> **SOURCE MATERIAL**:
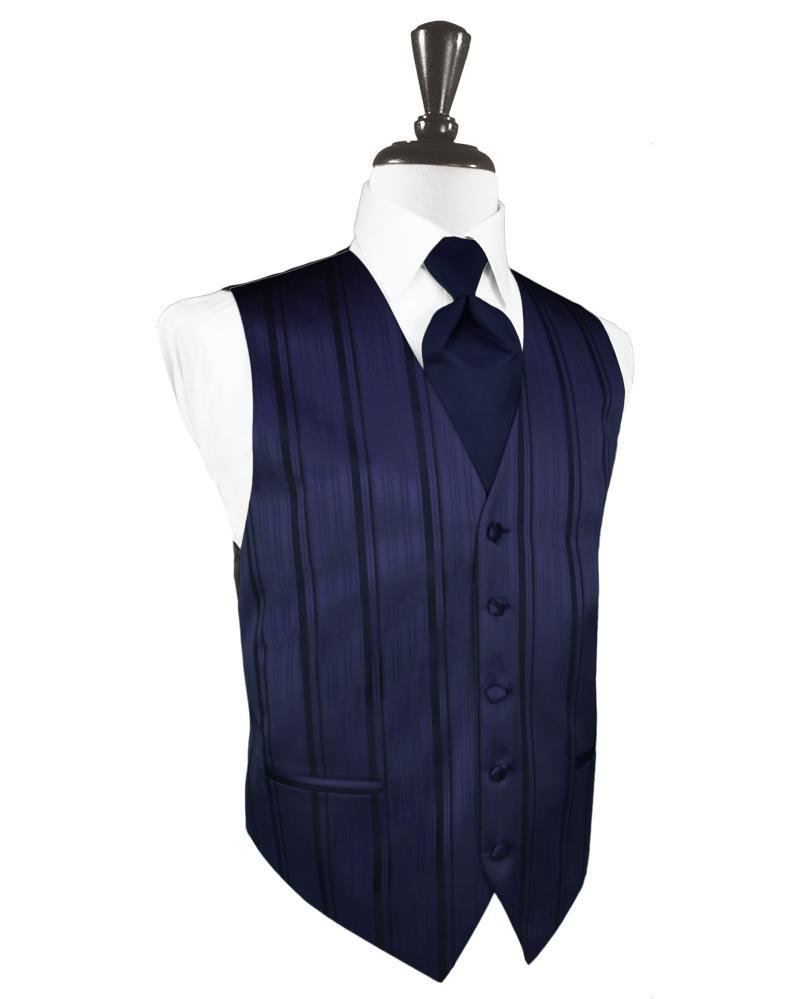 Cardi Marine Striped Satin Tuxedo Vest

---

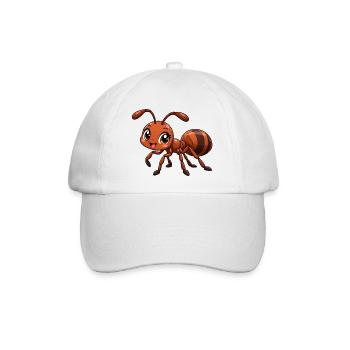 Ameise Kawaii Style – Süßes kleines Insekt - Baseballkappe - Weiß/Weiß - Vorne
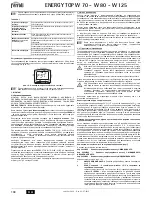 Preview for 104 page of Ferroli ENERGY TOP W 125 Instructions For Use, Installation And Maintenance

> **GOAL OF THE EXERCISE**: Take the entries above and copy exactly the lines starting at the one with "Ameise Kawaii Style" and ending at the one with "Preview for 104"; nothing outside that span, and no pictures.

> **RESPONSE**:
 Ameise Kawaii Style – Süßes kleines Insekt - Baseballkappe - Weiß/Weiß - Vorne
 Preview for 104 page of Ferroli ENERGY TOP W 125 Instructions For Use, Installation And Maintenance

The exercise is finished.